Task to carry out: Only the lines from the one with "K56/ Raynosa Mexico" through the last line of the material below belong in the answer, copied exactly and without pictures.

Information:
Content starts
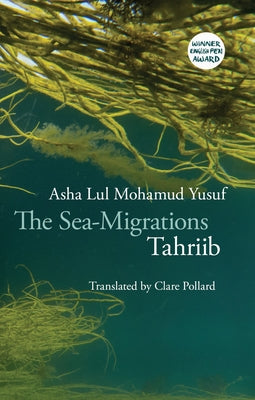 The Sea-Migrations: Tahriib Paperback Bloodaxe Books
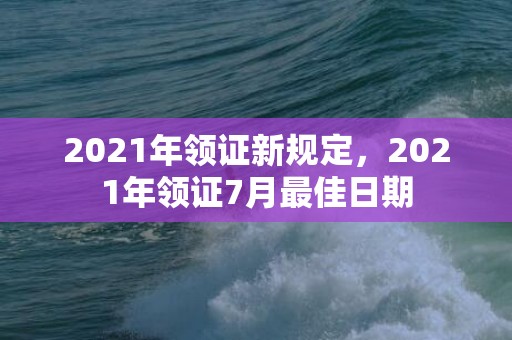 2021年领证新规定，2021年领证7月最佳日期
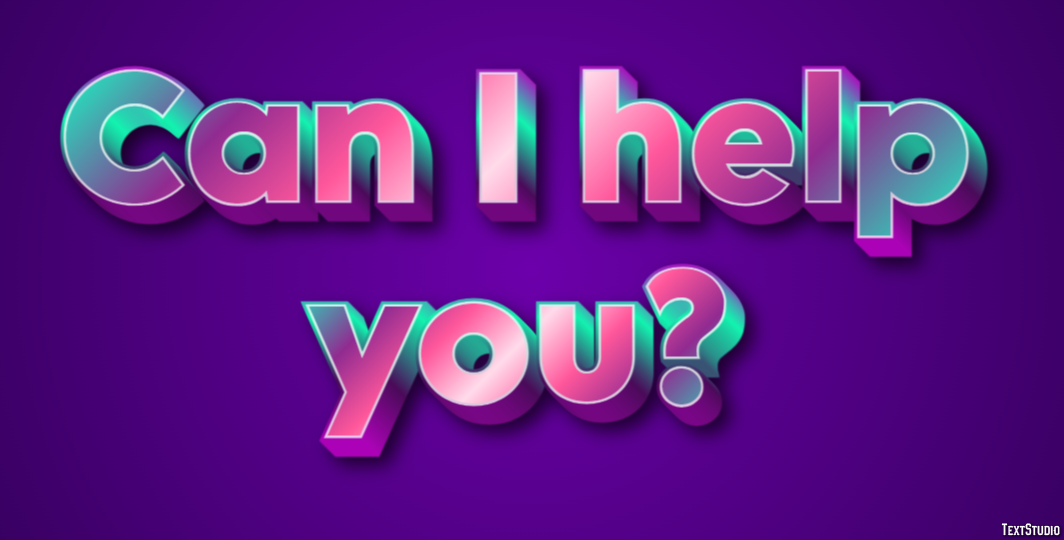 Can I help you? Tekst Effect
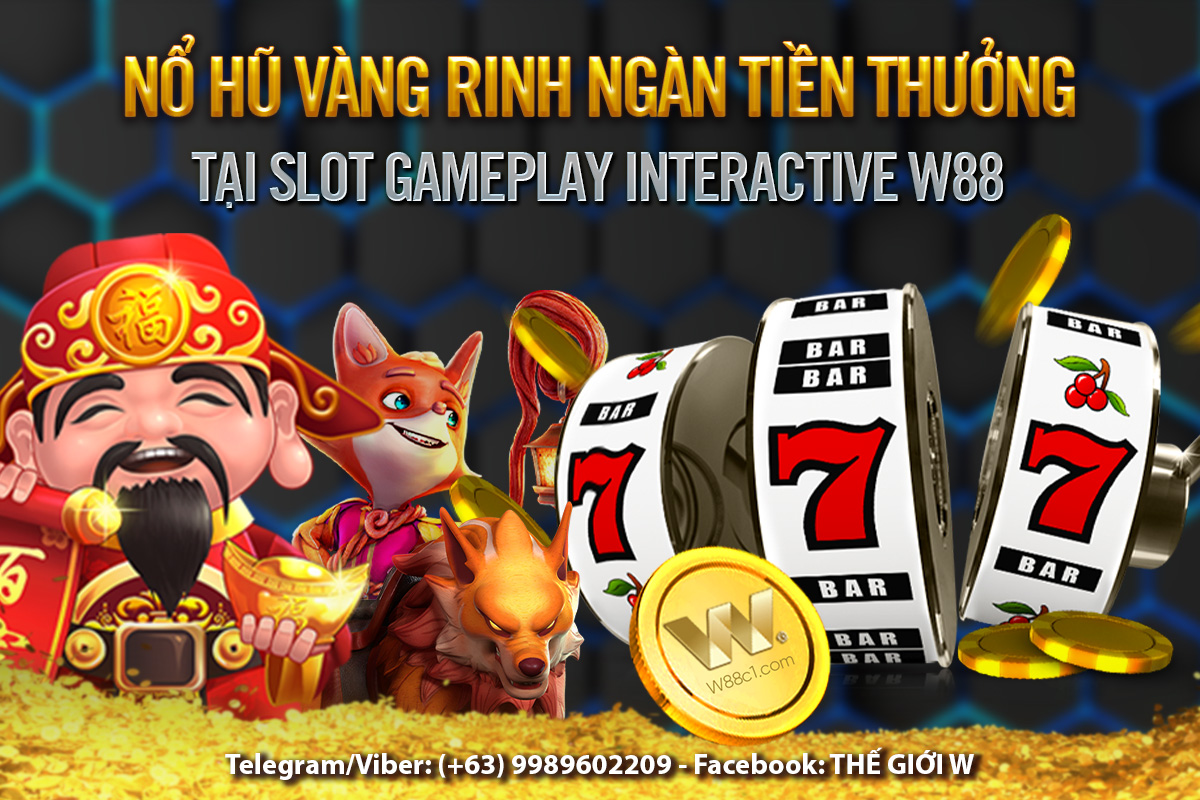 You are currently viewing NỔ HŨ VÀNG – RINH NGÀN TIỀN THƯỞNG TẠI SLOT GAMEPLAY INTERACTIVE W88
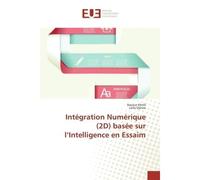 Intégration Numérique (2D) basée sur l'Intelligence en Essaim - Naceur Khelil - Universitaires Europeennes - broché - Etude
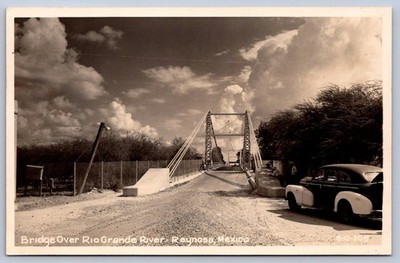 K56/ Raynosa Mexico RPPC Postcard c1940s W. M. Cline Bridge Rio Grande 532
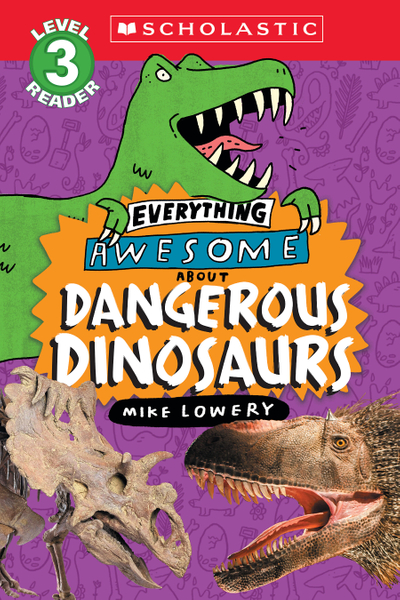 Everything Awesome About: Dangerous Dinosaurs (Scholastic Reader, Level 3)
Content ends
Result of this task:
 K56/ Raynosa Mexico RPPC Postcard c1940s W. M. Cline Bridge Rio Grande 532
 Everything Awesome About: Dangerous Dinosaurs (Scholastic Reader, Level 3)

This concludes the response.